VoxGov | eDesiderata

CRL Status:

Expired Offer

Feedback:

0 User comments 0 0

CRL licensing and community input features are only available with a CRL member login.

If your institution is a CRL Member please:

Overview

VoxGov, first launched for subscription access in January 2014, is a unique “discovery platform” which aggregates a broad range of official and ephemeral information resources issued by individual representatives and organizations from all branches of the U.S. Federal Government, and links that content to publicly accessible government documentation. It is an online subscription-based service primarily used for Political Science and Public Policy research.

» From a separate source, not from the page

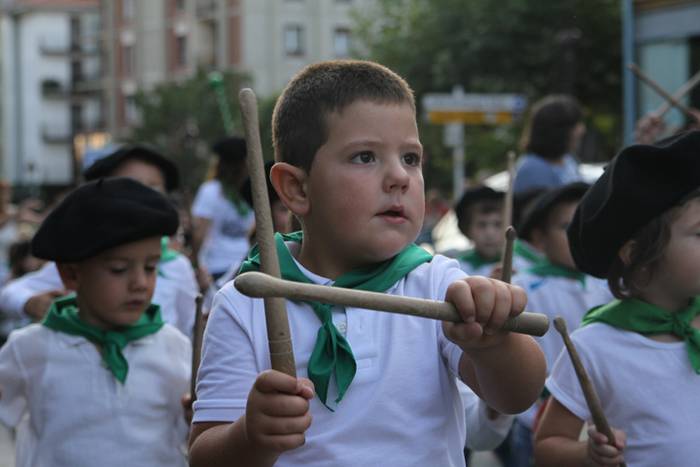 Irurako odol emaileek bota dute txupinazoa 8 1474654381167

VoxGov's 62M documents come from approximately 8500 sources and located from across 600,000 + website locations, including approximately 45,000 unique government web locations as well as social media sites of government representatives and agencies. The provider facilitates continuous daily indexing, and cache web content including “information that is no longer retrievable.” VoxGov assert that many governmental press releases, as well as social media posts, have “never before been aggregated, much less collected in real-time.”

Provider

voxgov

May 31, 2024 4:27pm

Details

Subject Areas

Social Sciences

Resource Types

Archival materials

Correspondence

Government publications

Major Languages

CRL Review

Collection Content

First launched in January 2014, VoxGov is a discovery platform that aggregates a broad range of official and ephemeral information resources issued by individual representatives and organizations from all branches of the U.S. Federal Government, and links that content to publicly accessible government documentation. VoxGov harvests content in "real-time" through continuous indexing and caches web content for discovery, retaining information that may no longer be online.

According to the provider, the "Elections" section of the platform was highly used during the 2016 Presidential election. The Provider has confirmed that the VoxGov Election tools will be available during the 2020 Presidential Primaries and the 2020 Presidential election.

Content Sources

As of 2020, VoxGov represents that it aggregates and indexes information from over 8500 sources and is located from across 600,000 + website locations, including approximately 45,000 unique government web locations as well as social media sites of government representatives and agencies. According to the provider, content is updated 24 hours a day, 7 days a week.

VoxGov harvests content from all three branches of the Federal government. For legislative content, VoxGov indexes official congressional representative websites and "release sites" (press releases, speeches, testimony, articles and editorial statements), as well as commentary posted by their offices on over 2,000 social media sites (Facebook, Twitter, and YouTube). Executive content includes release sites (news, announcements, reports) and social media from the executive office, cabinet, departments and agencies such as the Department of State, Defense, U.S. embassies, etc. VoxGov also indexes judicial and regulatory information disseminated by various other federal government bodies, as well as autonomous bodies such as the Voice of America and U.S. political parties.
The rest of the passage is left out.